The reason the internet was pretty good without any rules for the first 20 years is because big commercial interests didn't understand it until relatively recently, they didn't see the opportunities to exploit the exclusive access to the subscriber's home. They understand it now.

Only in the past 10 years or so have we come to need reasonably-priced and stable internet almost as much as we need electricity or water.



The issue, I think is not about net neutrality laws. It is the lack of competition between ISPs. And this is what the government should enforce, for example by requiring established ISPs to rent their lines at a reasonable price and make access to utility poles easier.

In countries where there is competition, there is no need for net neutrality laws, because people don't want arbitrary restrictions, and they will naturally vote for net neutrality with their wallets.

Furthermore, net neutrality rules don't solve every problem, because it doesn't deal with peering. For example if an ISP is also a content provider, they can connect their servers directly to their backbone, it will be fast. But their competitor isn't, which mean traffic will have to go through the global internet, which can result in congestion. Effectively having a fast lane without explicitly violating net neutrality: they don't discriminate traffic, they just deploy their network following their best interests.
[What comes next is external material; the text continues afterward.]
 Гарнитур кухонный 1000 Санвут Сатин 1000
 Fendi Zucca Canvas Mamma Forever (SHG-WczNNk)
I'm not saying that it is a bad idea to enforce net neutrality, but IMHO, the priority should be to restore competition.


I roughly agree, but I'm guessing the big ISPs will like that even less. Like most big problems in the US, the best solutions seem completely impossible, because big changes are too hard to get enough people to agree on.
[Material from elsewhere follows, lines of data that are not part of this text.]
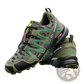 Men's Camouflage Waterproof Trail Running and Hiking Shoes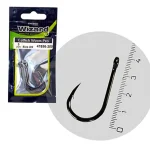 Alleen Vandaag WIZARD CATFISH WORM PRO BRAZED 2/0 3DB/CSOMAG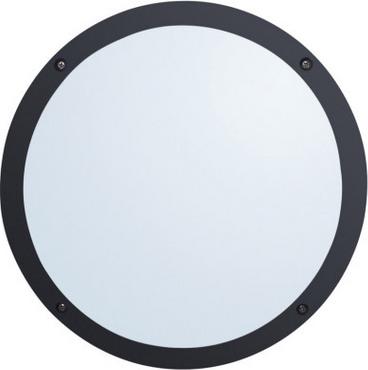 Produktbild Z-Licht Wandleuchte, Aluled 12W IP65 3000K schwarz (1000 lm)
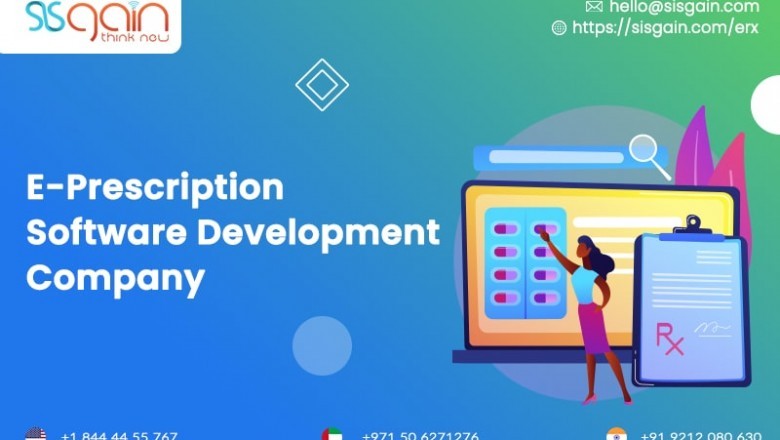 E- Prescription Software Solutions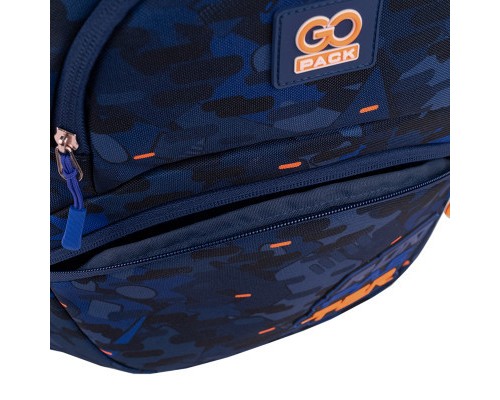 Рюкзак шкільний GoPack Education 175M-10 Run Faster (GO24-175M-10)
So you'll often see the biggest support for fighting a "bad" change, "holding the line" at the current compromise.


The reason the internet was pretty good without any rules for the first 20 years is because big commercial interests didn't understand it...only in the past 10 years...

You realize your analysis completely ignore the 2001 tech bubble?
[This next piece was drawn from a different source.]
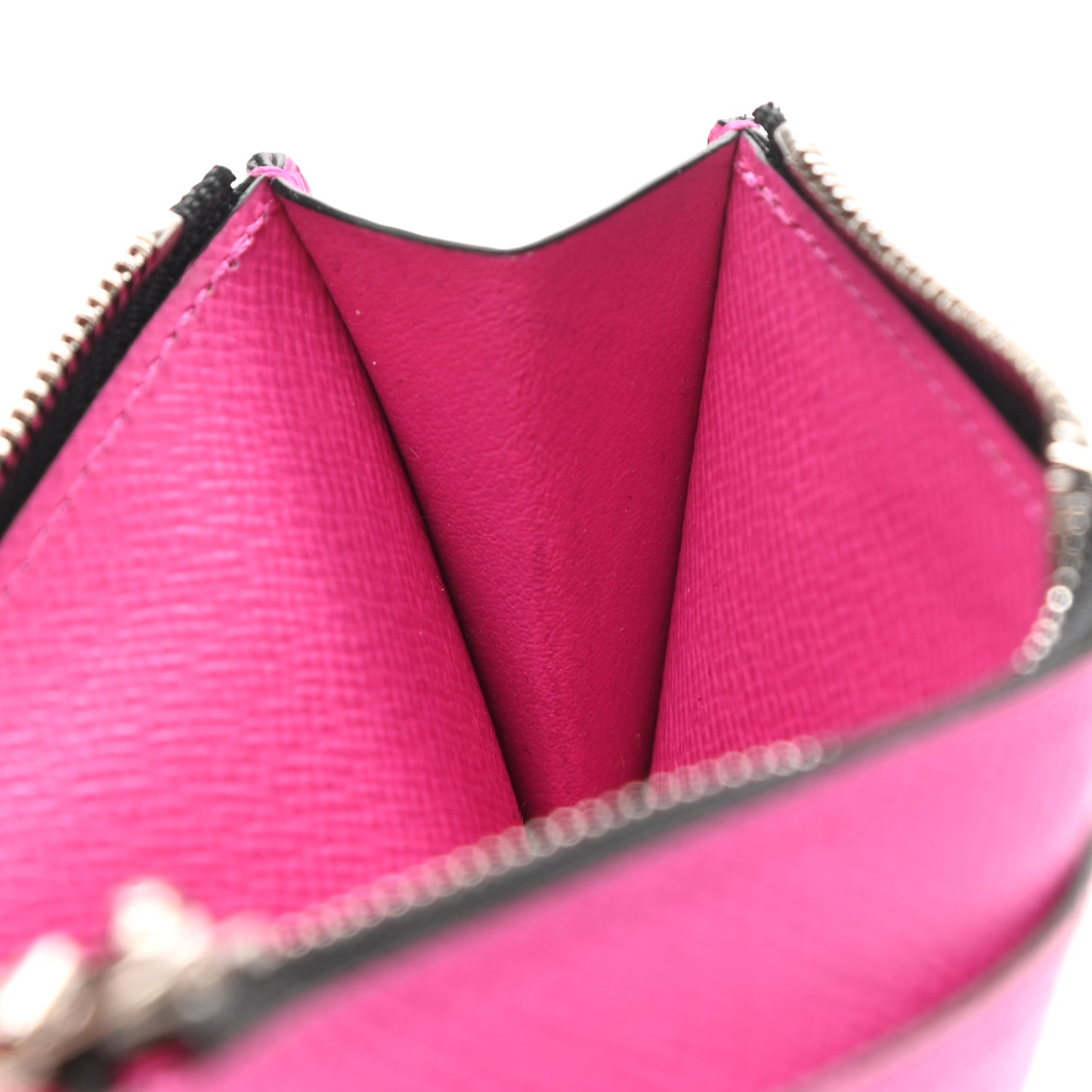 Taigarama Coin Card Holder Fuchsia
Big corporations have known and invested heavily in the internet for a lot longer than the last 10 years (since 2007?!?)


They were interested/excited by it, but didn't fully get it. The internet was just then replacing walled gardens like aol and prodigy.

Most people used dial-up for many years, and that sort of piggy-backed on the common-carrier status of the landline phone companies. So there was plenty of competition there. Cable internet providers were new around that time, and competing with cheap and good-enough dial-up and roughly-equivalent DSL (which could deliver service from a third party, somewhat like dial-up, e.g. earthlink). So the idea of only having one fast-enough option for internet in your town was novel.

Further, there were far fewer paid online services. So there wasn't an ecosystem to support partnership/promotions/schemes like today.


And perhaps the biggest difference: internet connectivity in 2001 didn't pose a threat to the established cable TV revenue streams.


> Con democracy argument: the first democracy is at most 2500 years old. For hundreds of thousands of years the human race blossomed without democracy.

It survived, blossoming depends on your definition. In that regard the human race has only blossomed in the last hundred year or so, quadrupling in size.


I would call the scientific revolution a blossoming, and although democracies (notably the Dutch Republic) participated, most of it happened in monarchies and principalities.